## PROBLEM TO SOLVE
Quote exactly, and only, the lines of the material below from the line with "Letter V Gold Square Sticker (Umschlag)" through the line with "American Outdoor Trendy".

## EXERCISE MATERIAL
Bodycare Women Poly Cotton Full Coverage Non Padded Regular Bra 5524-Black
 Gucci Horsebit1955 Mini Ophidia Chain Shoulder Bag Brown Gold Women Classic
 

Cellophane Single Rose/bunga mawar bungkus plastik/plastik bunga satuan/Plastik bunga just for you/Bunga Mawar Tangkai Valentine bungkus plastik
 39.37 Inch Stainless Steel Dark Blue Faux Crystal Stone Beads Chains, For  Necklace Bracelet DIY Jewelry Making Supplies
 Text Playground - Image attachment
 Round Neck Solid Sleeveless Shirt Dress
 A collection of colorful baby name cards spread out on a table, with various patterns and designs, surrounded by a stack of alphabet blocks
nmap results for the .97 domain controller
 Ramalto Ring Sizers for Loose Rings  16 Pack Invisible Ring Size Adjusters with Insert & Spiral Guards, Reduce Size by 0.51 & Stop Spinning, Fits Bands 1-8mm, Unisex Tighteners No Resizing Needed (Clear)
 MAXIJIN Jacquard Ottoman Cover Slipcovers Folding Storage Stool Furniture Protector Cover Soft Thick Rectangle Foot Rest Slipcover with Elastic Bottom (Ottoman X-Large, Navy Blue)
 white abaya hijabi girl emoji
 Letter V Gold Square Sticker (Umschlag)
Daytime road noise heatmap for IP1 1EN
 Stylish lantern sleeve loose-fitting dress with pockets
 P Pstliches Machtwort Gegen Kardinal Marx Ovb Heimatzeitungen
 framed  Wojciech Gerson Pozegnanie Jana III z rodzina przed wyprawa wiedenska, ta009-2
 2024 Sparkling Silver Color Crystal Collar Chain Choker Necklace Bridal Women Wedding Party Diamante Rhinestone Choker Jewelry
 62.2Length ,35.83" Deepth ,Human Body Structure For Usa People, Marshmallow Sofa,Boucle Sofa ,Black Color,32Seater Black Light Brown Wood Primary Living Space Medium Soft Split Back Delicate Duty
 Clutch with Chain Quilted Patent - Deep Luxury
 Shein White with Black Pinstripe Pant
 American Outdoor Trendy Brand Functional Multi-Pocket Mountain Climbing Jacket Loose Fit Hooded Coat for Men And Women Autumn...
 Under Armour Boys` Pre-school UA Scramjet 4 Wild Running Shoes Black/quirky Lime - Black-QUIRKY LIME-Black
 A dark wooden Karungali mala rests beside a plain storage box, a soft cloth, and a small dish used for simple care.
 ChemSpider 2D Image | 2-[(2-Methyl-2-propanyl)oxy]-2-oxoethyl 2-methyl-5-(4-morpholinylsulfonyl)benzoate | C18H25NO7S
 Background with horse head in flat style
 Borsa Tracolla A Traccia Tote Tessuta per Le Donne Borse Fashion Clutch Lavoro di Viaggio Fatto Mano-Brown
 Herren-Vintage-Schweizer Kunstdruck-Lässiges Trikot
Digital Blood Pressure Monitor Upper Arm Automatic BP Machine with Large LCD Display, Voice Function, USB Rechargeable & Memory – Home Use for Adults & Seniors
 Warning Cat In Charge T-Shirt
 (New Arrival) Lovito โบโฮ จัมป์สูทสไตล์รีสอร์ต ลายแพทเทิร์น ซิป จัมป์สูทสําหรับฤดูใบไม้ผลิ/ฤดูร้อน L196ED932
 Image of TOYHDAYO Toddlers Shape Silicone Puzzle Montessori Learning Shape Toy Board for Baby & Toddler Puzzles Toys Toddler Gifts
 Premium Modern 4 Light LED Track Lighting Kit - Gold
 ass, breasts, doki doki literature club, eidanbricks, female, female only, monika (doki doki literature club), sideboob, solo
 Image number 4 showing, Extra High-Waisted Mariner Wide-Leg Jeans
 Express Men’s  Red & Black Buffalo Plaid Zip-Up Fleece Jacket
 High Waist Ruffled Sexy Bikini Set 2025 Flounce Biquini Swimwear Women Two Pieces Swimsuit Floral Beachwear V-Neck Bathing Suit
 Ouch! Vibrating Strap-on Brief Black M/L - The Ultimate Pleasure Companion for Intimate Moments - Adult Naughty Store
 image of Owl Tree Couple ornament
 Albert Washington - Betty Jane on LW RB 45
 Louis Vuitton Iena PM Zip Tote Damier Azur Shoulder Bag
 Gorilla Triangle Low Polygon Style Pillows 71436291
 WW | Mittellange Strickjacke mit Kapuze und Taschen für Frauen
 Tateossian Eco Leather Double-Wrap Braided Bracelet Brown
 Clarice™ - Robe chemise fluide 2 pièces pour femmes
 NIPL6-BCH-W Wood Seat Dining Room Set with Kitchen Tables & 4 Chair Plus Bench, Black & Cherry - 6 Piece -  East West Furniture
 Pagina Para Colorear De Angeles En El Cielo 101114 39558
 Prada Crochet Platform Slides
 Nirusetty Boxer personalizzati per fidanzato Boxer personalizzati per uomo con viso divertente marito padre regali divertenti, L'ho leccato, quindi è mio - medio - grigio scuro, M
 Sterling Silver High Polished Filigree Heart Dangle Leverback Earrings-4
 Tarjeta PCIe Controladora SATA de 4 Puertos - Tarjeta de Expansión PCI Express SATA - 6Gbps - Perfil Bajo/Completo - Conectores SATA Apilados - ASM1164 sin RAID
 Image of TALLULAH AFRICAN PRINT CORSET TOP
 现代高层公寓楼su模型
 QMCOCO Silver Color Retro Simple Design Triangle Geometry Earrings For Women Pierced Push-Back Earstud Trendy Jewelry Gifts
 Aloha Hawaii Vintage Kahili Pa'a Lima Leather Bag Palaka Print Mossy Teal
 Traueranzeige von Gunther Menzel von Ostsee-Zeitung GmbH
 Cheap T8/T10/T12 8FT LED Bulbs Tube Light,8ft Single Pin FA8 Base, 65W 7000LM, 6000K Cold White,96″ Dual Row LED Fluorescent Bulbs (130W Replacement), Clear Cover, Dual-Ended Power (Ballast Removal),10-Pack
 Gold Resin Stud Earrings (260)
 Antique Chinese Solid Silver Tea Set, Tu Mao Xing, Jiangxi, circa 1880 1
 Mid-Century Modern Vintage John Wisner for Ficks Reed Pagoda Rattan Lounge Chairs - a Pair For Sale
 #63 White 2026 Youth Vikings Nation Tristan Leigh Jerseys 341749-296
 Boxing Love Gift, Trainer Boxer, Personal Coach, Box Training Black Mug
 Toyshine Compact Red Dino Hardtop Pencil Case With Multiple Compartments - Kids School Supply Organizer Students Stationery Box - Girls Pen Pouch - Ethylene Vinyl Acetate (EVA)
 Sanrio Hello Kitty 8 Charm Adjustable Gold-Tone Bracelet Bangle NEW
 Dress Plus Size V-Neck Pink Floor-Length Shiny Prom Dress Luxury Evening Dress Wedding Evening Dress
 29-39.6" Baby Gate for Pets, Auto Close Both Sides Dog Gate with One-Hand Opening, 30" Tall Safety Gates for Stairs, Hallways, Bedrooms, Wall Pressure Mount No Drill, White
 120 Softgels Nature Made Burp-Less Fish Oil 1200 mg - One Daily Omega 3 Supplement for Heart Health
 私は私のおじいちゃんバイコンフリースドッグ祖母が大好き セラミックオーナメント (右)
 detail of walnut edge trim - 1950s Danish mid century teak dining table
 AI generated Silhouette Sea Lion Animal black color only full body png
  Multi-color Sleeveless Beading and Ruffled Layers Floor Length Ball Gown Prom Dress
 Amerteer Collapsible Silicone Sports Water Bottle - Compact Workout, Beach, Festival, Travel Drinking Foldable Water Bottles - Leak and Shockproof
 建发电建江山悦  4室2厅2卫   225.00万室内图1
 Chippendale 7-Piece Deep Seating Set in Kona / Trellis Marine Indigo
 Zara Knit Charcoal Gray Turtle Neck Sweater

## EXERCISE ANSWER
 Letter V Gold Square Sticker (Umschlag)
Daytime road noise heatmap for IP1 1EN
 Stylish lantern sleeve loose-fitting dress with pockets
 P Pstliches Machtwort Gegen Kardinal Marx Ovb Heimatzeitungen
 framed  Wojciech Gerson Pozegnanie Jana III z rodzina przed wyprawa wiedenska, ta009-2
 2024 Sparkling Silver Color Crystal Collar Chain Choker Necklace Bridal Women Wedding Party Diamante Rhinestone Choker Jewelry
 62.2Length ,35.83" Deepth ,Human Body Structure For Usa People, Marshmallow Sofa,Boucle Sofa ,Black Color,32Seater Black Light Brown Wood Primary Living Space Medium Soft Split Back Delicate Duty
 Clutch with Chain Quilted Patent - Deep Luxury
 Shein White with Black Pinstripe Pant
 American Outdoor Trendy Brand Functional Multi-Pocket Mountain Climbing Jacket Loose Fit Hooded Coat for Men And Women Autumn...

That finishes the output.